** DATA EXTRACTS **
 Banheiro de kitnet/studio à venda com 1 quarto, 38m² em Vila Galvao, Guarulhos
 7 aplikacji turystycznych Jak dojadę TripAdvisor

...

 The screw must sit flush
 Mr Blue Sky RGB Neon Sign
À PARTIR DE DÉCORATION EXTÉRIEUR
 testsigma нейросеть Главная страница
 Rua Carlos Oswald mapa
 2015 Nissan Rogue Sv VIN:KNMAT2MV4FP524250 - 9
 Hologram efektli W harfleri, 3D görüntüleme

** WHAT YOU SHOULD DO **
From the data above, reproduce word for word the lines running from the line with "À PARTIR DE DÉCORATION EXTÉRIEUR" to the line with "Hologram efektli W harfleri, 3D görüntüleme", ends included.

** RESULT BELOW **
À PARTIR DE DÉCORATION EXTÉRIEUR
 testsigma нейросеть Главная страница
 Rua Carlos Oswald mapa
 2015 Nissan Rogue Sv VIN:KNMAT2MV4FP524250 - 9
 Hologram efektli W harfleri, 3D görüntüleme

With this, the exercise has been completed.